General Motors Co. (NYSE: GM) has just announced the creation of a “long-term and broad-scale global strategic alliance” with PSA Peugeot Citroën. The creation aims to leverage the combined strengths and capabilities of the two companies, as well as to contribute to the profitability of both partners and to improve their competitiveness in Europe.
The focus is on sharing of vehicle platforms, components and modules; and to create a global purchasing joint venture for commodities, components and other goods and services from suppliers.
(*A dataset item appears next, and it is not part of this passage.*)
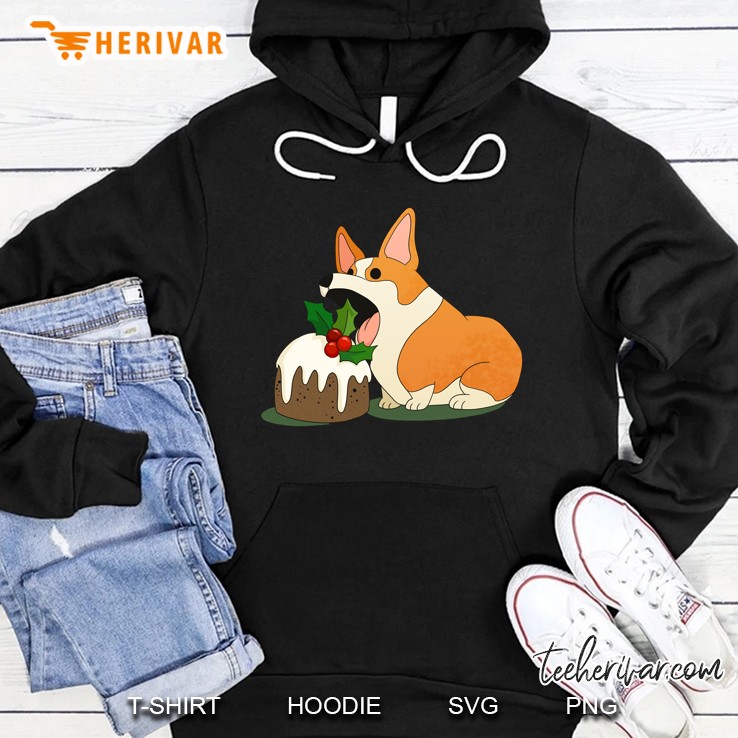Christmas Corgi Hoodie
The combined annual purchasing volumes are listed as approximately $125 billion. The total synergies expected from the alliance are projected to be about $2 billion U.S. dollars per year “within about five years.” GM and Peugeot Citroën will each continue to market and sell their own vehicles independently.
PSA Peugeot Citroën is expected to raise approximately 1 billion Euros through a capital increase. This financing will be a preferential subscription right for PSA Peugeot Citroën shareholders through a bank syndicate and will also come from an additional investment from the Peugeot Family Group. Furthermore, GM plans to acquire a 7% percent equity stake in PSA Peugeot Citroën and that will make GM the second-largest shareholder behind the Peugeot Family Group.
Could you imagine if this was a bank that was still in debt to the taxpayer? The current government and the press would be screaming if it involved writing a check to a foreign entity rather than paying back the taxpayer. Whether or not that will be the case here remains to be seen.